Questo risultato è una nuova prova che qualità assoluta delle produzioni e radicamento sul proprio territorio sono le chiavi per un successo che va oltre i confini nazionali e, come in questo caso, supera le Alpi per soddisfare la richiesta di un cliente esigente e preparato, come il consumatore svizzero. Mi piace pensare che il successo commerciale del miele di bosco della Cooperativa Abello, scelto dal Gruppo elvetico Migros per l’assortimento della propria catena di negozi, sia frutto della stessa caparbietà e dedizione con cui le loro api hanno saputo sfruttare un problema in opportunità, realizzando il fantastico “miele di melata”.

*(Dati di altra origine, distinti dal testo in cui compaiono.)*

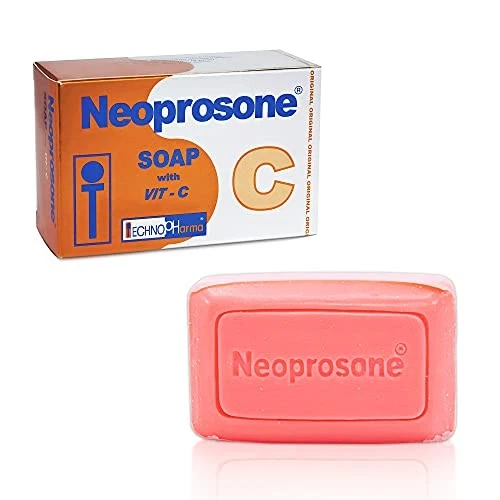 Lot De 3 Savons éclaircissants Kozicare 75g - Soin De La Peau Quotidien - Neuf - Fabriqué En Inde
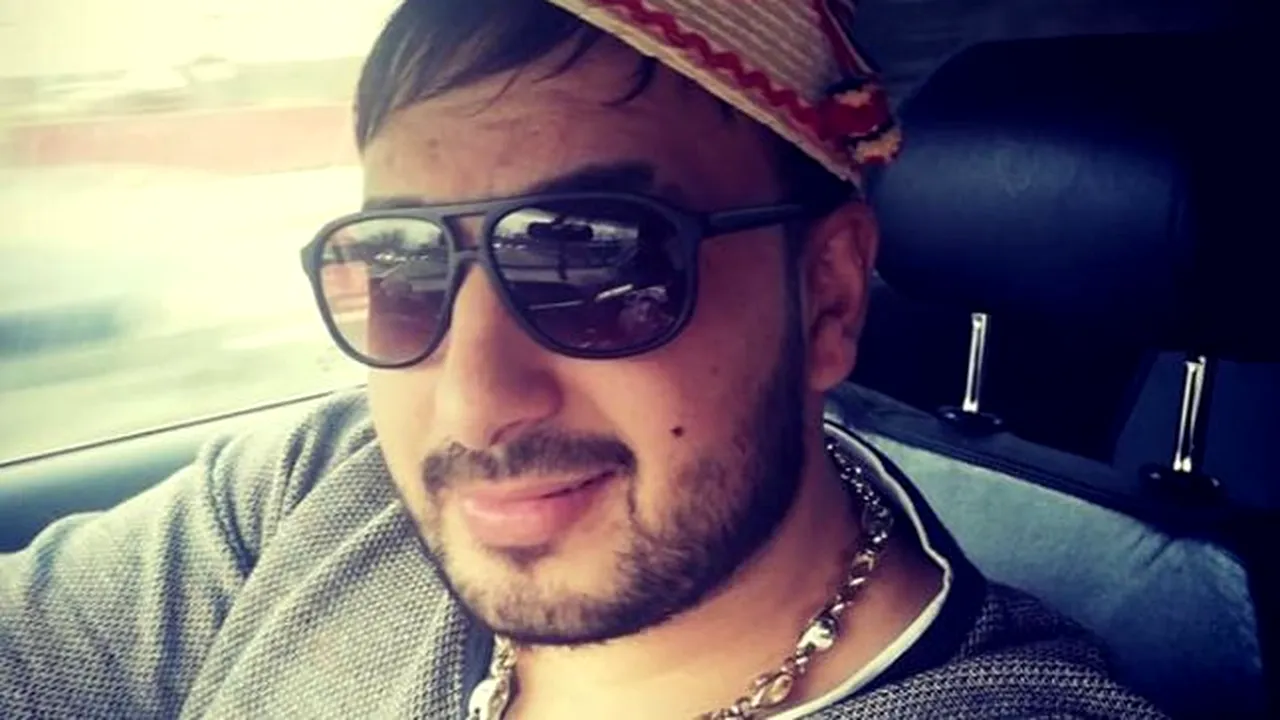 VIDEO. Un ”şmecher“ s-a trezit cu mascaţii la uşă după ce a înjurat Poliţia pe Facebook. „Luaţi-vă o haină de şmechereală. Am făcut-o din ambiție!”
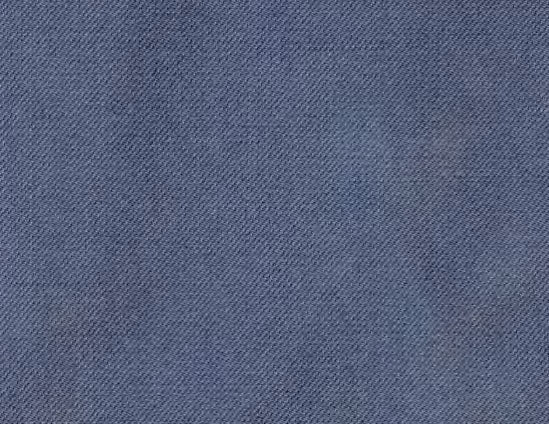 Classic Navy Two-Piece Suit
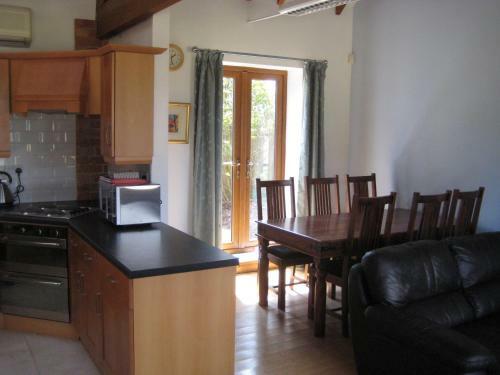 Woodlands Holiday Homes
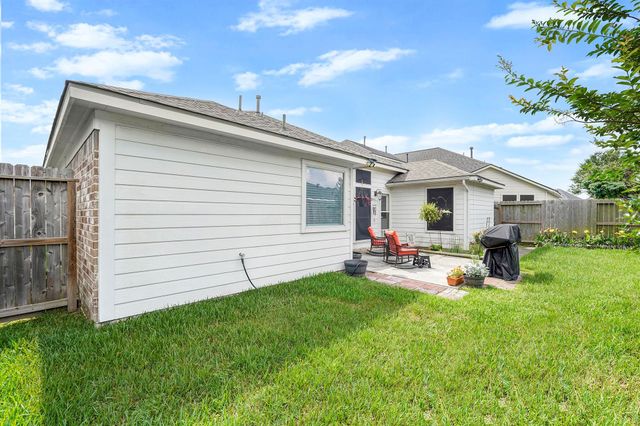 16527 Morning Shadows Way, Humble, TX 77346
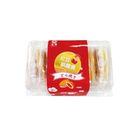 紅豆銅鑼燒 6 入 #53414012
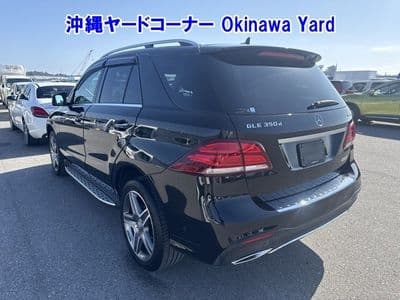 MERCEDES_BENZ Gle Class, 2017 год., лот 43103 - фото 2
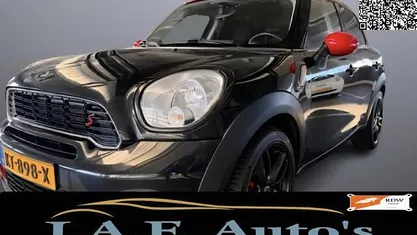 Occasion 2011 Mini Cooper S Countryman SUV | € 5.245 (Eerlijke prijs)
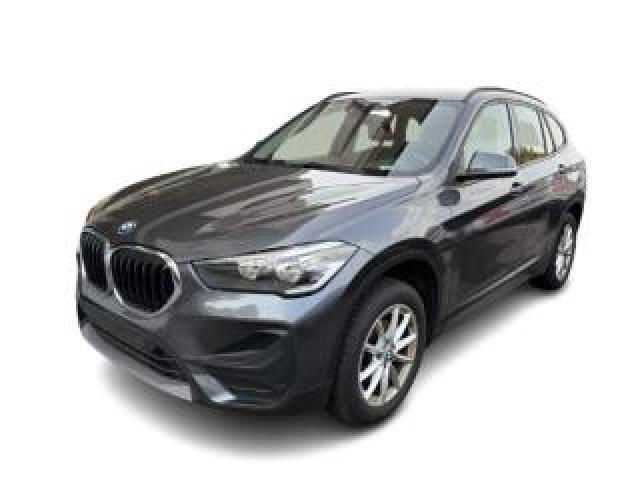 Bmw X1 Sdrive16d Business Advantage Automatico 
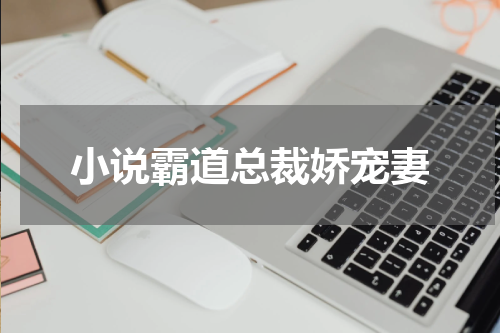 小说霸道总裁娇宠妻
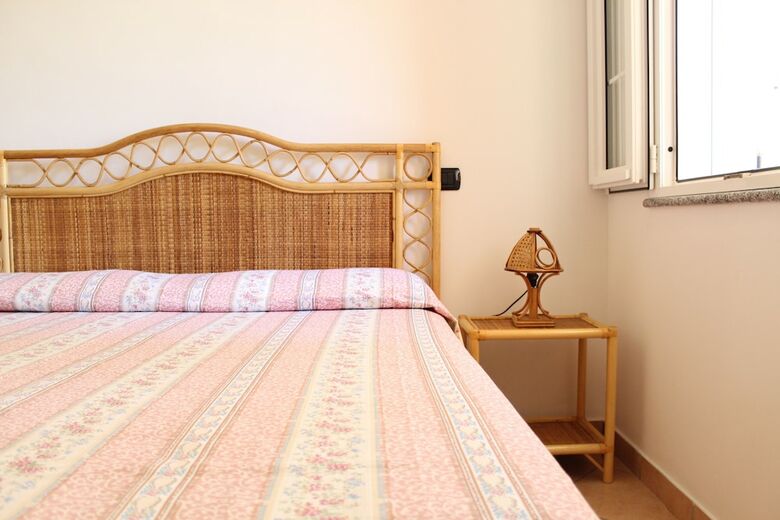 Apartamento Casa Alfonso
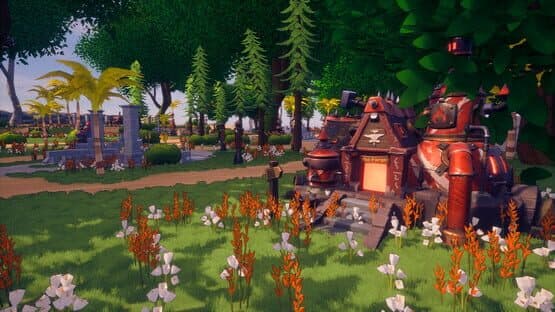 Jungle Defenders — screenshot 8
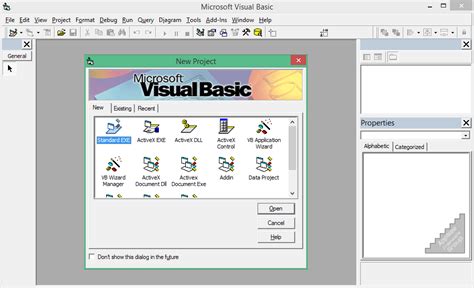 Visual Basic 6 0 Nutriopec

Il consumatore italiano non è ancora abituato ad un miele così diverso da quelli attualmente sul mercato. Il miele di acacia, chiaro, dolce, poco aromatico, indicato per dolcificare, sempre liquido, è ancora il più diffuso. Il miele di bosco al contrario si presenta scuro, aromatico, poco dolce, indicato con i latticini e, anche se liquido, è molto denso. E’ poco indicato per dolcificare alimenti e bevande ma è ottimo se consumato con il pane (meglio quello integrale), con i latticini o come dessert miscelato a un formaggio fresco.

Tra i produttori associati alla cooperativa Abello c’è Alessandro Valfré dell’azienda Rovero di San Marzanotto. La sua è una storia molto contemporanea di “ritorno alla terra”. Ingegnere, 36 anni, ha abbandonato il suo lavoro dopo una crisi che ha colpito l’azienda per cui lavorava. L’apicoltura si è trasformata allora da hobby del fine settimana in attività a tempo pieno, insieme alla coltura della vigna.

Sono partito da poche arnie e con un piccolo investimento di 10.000 euro – ha detto – Le api producono già dal primo anno di impianto, a differenza delle colture agricole. Lavorare con le api presuppone una certa conoscenza del loro sistema. E’ un lavoro non meccanizzabile ma che impegna a tempo pieno solo in alcuni periodi dell’anno. Il miele di melata si è rivelato molto redditizio se si considera che un’arnia ne può produrre circa 30 chili, mentre per una produzione di acacia se ne ricavano solo 3 o 4 kg. Bisogna solo farlo conoscere al consumatore italiano che spesso si chiede se si tratti di una confettura o di una strana composta”.